Launched in May 2021 as a collaboration among 14 research institutes, botanic gardens and other organizations, BiCIKL is building a hub of biodiversity research data that all use the same format, so they can be combined, reused and read by computers and people alike.

The MNHN is one of the institutions involved in this project, and Benichou is optimistic about the potential for using machine-readable standards for biodiversity data. “We’re trying to make sure that all the machines are able to talk to each other, and that ecologists can find anything they want, even if it’s written in Russian or Chinese.”

But BiCIKL is new, and there is still a lot of work to be done. Grames, whose work now includes developing better methods for scientists to use to build on existing knowledge, points out that there is a lot of variation in the type of data that biodiversity research collects, so it could be difficult to determine which information should be included and standardized.
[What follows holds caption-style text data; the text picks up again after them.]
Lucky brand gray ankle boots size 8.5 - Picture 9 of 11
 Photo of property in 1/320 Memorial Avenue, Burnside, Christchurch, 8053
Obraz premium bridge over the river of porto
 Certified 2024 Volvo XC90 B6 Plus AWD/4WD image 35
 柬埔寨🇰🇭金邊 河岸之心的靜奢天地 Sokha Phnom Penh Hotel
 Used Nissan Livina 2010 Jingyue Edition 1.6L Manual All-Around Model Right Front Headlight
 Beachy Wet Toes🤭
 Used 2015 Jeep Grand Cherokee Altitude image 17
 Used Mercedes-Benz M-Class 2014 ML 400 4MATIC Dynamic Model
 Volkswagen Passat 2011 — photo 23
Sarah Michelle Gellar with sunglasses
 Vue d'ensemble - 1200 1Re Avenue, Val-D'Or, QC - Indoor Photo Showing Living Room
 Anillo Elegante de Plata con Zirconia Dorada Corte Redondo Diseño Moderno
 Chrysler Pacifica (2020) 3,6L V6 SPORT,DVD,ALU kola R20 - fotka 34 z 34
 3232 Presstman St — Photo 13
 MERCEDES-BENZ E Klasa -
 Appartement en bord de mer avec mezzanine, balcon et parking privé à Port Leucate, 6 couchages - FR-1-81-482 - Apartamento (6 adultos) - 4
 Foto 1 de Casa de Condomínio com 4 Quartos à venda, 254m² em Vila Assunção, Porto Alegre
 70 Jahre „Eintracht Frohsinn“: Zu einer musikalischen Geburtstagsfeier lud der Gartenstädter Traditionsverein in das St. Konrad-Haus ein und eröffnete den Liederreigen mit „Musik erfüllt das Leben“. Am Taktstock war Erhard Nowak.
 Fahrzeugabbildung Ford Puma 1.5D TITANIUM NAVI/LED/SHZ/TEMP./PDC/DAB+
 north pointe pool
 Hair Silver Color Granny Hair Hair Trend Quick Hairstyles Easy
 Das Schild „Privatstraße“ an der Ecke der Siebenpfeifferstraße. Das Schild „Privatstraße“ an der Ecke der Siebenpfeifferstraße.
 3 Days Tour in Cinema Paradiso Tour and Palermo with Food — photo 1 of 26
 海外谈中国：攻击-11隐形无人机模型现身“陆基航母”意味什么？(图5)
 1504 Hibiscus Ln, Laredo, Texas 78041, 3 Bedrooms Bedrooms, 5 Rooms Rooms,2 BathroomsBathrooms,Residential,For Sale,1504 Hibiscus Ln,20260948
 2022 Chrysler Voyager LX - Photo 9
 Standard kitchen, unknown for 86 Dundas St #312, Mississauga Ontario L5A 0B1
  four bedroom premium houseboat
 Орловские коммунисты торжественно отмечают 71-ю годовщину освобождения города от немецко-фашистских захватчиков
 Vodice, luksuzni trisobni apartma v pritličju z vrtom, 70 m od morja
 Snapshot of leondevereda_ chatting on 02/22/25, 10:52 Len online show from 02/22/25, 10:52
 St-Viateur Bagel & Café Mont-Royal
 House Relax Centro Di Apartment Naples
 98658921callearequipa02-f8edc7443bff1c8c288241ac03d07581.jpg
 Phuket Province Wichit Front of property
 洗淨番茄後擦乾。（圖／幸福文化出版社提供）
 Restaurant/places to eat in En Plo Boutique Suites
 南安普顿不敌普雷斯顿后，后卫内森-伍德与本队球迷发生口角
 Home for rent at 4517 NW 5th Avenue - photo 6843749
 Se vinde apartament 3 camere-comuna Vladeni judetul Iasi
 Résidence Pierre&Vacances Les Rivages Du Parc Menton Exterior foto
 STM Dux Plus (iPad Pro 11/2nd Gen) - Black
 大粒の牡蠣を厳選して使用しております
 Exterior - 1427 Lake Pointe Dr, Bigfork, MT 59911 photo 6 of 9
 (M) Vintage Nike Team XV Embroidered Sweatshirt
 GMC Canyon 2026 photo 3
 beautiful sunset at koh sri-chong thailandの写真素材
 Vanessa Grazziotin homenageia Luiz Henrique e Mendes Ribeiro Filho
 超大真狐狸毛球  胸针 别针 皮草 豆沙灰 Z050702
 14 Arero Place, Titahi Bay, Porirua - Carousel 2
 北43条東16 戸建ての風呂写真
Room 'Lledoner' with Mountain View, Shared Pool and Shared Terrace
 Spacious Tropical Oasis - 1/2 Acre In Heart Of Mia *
For now, translation is still the most accurate way to communicate biodiversity research across language borders. But adding standardized data formats could help make data available to international researchers. Crucially, ecologists would still be able to publish in their local language to reach decision makers. They could see changes to the way they work — through new data format requirements, for example.
Formatting and sharing data in a new way could take a while to get used to, but Amano sums up why distributing scientific information across language barriers will be worth it: “This is important for conservation.”